BACKGROUND: We evaluated the clinical efficacy and safety of recombinant human erythropoietin(Epokine(R)). METHODS: A comparative prospective study of intravenously and subcutaneously administrated Epokine(R) conducted 13 patients performing hemodialysis and 28 patients performing continuous ambulatory peritoneal dialysis with end-stage renal disease. Epokine(R) was given initially at a dosage of 100 unit/kg, subcutaneously, two times a week.
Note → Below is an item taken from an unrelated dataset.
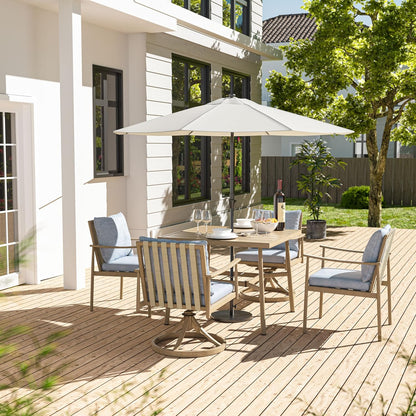 HAPPATIO Patio Table for 4, Modern Square Outdoor Dining Table with Umbrella Hole and Adjustable Feet, All Weather Aluminum Patio Table for Garden, Backyard and Poolside, Brown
The patients had achieved stable or more than 10 g/dL of hemoglobin level for 12 weeks and then we randomized switching intravenously or subcutaneously administrated Epokine(R) for another 12 weeks. RESULTS: Hemoglobin(g/dL) and hematocrit(%) increased significantly from baseline levels beginning from 2 weeks after Epokine(R) administration. In HD patients, hemoglobin increased significantly from 7.3 to 9.5 after 12 weeks and to 10.6 after 24 weeks. In CAPD patients, hemoglobin increased significantly from 6.8 to 10.2 after 12 weeks and then 10.8 after 24 weeks(p 0.05). In HD patients, intravenously administrated Epokine(R) group was more dosage than subcutaneously group(97.4+/-15.4 vs 145.4+/-2.9 U/kg/wk, p 0.05). The 9 cases(18.8%) were suffered from headache and flu-like syndrome, but these side effects were not severe and disappeared from conventional therapy. CONCLUSION: Epokine(R) administration is safe and effective in treating anemia of ESRD patients and subcutaneously administration is significantly more effective than intravenously.